We are dependent upon people who come from overseas to make our NHS function.

We are dependent upon people who come from overseas to make our social care system function.

There are quite a lot of teachers in the UK who were not born here or who are born of parents who themselves were not born here.

This is how a great many of our public services are now supplied.

As is commonly said, the person who is a migrant who is likely to be in front of you in the NHS is not the next person in the queue but is instead the doctor or the nurse that you're waiting to see.

We do need more people coming into this country at present in the UK for one very straightforward reason. Our birth rate is very low.

In the UK as a whole, it is well below 2 per woman. In Scotland, it's only about 1.2 per woman.

In other words, we are not reproducing our own existing population from the people who were already born here and living here. Therefore, if we are to look after our ever-ageing population, of whom I am a representative example, then we must have people coming into the UK to make good the shortfall in population that we have created by not having enough children.

It is as simple and straightforward as that. If the UK was a business, it would be recruiting overseas to fill its skills gap. Because we're a country, apparently, that's unacceptable. But why is very hard to work out. Unless we do want to go down the line of the business that fails to recruit people to fill those skills gaps, which is usually the pathway to failure. So, we do need migrants.

But what we also need is a government that works; a government that does solve the problems in the NHS; that does provide good education for everyone; that does provide social care; that does focus upon full employment rather than balancing the books.

We could have such a government. We could, if only we had a government that was not obsessed with book balancing and focusing only on private sector growth when the only source of growth in the UK economy at present is in the public sector. We could solve the problems, and if we did, there would be no issue about migration.

But, because the government is refusing to deliver social care, health care, education, a proper justice system, proper education, and everything else that we desire, we are still looking for scapegoats, and Labour is as bad when it comes to that, as are the Tories, as are Reform, and as is anybody else who is blaming migration for this problem.

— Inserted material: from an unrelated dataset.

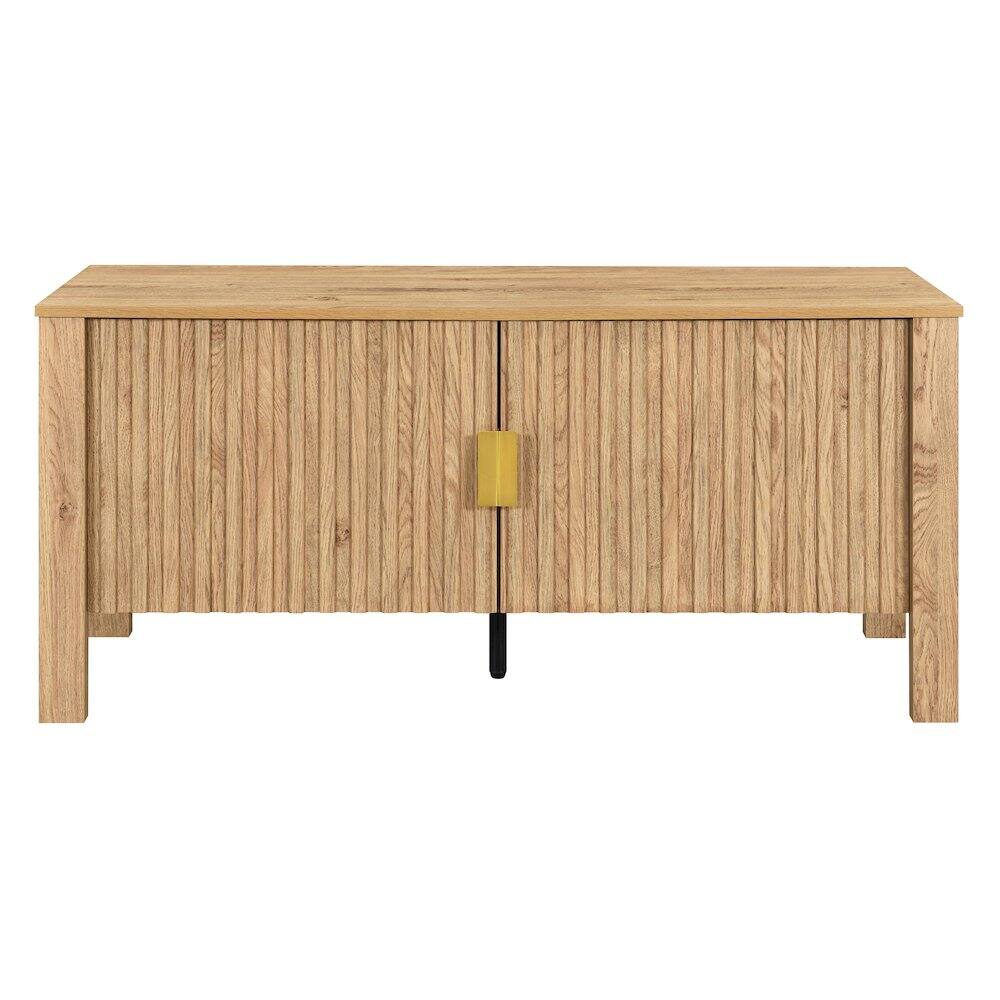 Alt View 1. New Classic Furniture - Thayer Wood TV Console with Two Doors in Natural/Beige - Brown.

Migrants are not our problem. Migrants are solving our problems. Our problem is government that refuses to work on behalf of the people of the UK. And until we get governments that do work on behalf of the people of the UK, there will still be scapegoats. And I don't like that because I don't like blaming people who are not at fault.

And that's what Tice is doing.

That's what Farage is doing.

That's what Starmer is doing.

That's what Yvette Cooper, as our Home Secretary, is doing.

That is what Kemi Badenoch is doing as leader of the Conservative Party.

They're all making excuses and blaming people who are not to blame for our problems but who are instead helping solve them when they refuse to take the necessary action to do that themselves.